Quando voltei a Lisboa e mostrei esta página preciosa à minha Madalena – que surpresa, que arrebatamento! Falámos até tarde, essa noite, da bondade do Conde e da vastidão do seu génio.
Se eu me detive neste incidente íntimo de uma existência histórica, foi para mostrar que o
Conde não era um homem destituído de sentimento poético e de imaginação idealista. Naquele cérebro todo ocupado de legislação, de reformas, de economia política, de debates parlamentares, tinha havido um momento, na sua mocidade, em que florescera, como uma violeta isolada mas fresca, a flor delicada do sentimentalismo. E quis também provar que a poesia não é inteiramente unia arte subalterna e própria de espíritos efeminados, pois que um homem de tão robusto génio prático não desdenhou um dia, sob a influencia de uma paisagem romântica, servir-se dela para exprimir um alto conceito filosófico.
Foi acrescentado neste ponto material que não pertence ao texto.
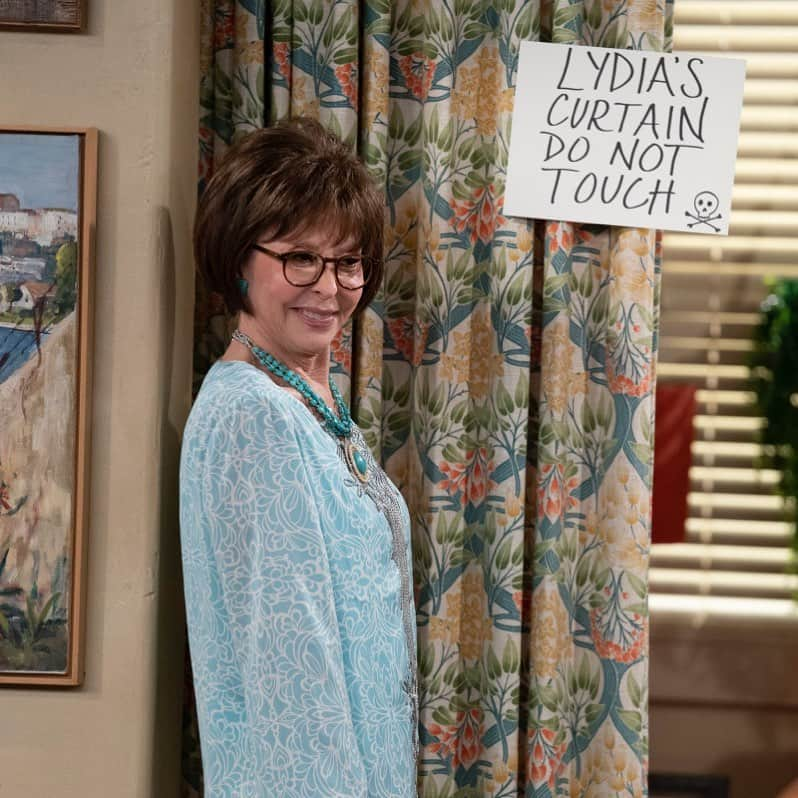 CBSさんのインスタグラム写真 - (CBSInstagram)「Get your double dose of @theritamoreno tonight with Essential Heroes: A Momento Latino and #ODAAT! 🙌」10月27日 10時21分 - cbstv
Estou certo de que os poetas contemporâneos, os Hugos épicos, os delicados Tennysons, os Campoamores de humorística melancolia, se orgulhariam deste colega que eu lhes revelo, e que, se apenas uma vez feriu a lira, fê-lo com tal originalidade, vigor e elevação, que esse simples verso isolado sobe mais alto no céu da Arte do que muitas sinfonias majestosas dos Mussets debochados ou dos Baudelaires histéricos:
Deus existe! Tudo o prova,
Tanto tu, altivo Sol,
Como tu, raminho humilde
Onde canta o rouxinol!
Não farei uma narração detalhada da mocidade estudiosa do Conde. Este estudo não é propriamente uma biografia em que deva seguir, ano a ano, a carreira intelectual do seu vasto espírito. São simples apontamentos, quadros destacados de uma nobre carreira, que servirão para que um mais alto engenho (na frase enérgica do Épico) reconstrua, com suficiente relevo, esta soberba figura histórica.
Desde os onze anos, pois, Alípio Abranhos viveu na companhia de sua tia Amália, e a não ser nas férias do segundo ano, em que a doença da mãe o chamou imperiosamente a Penafiel, não tornou a ver seus pais.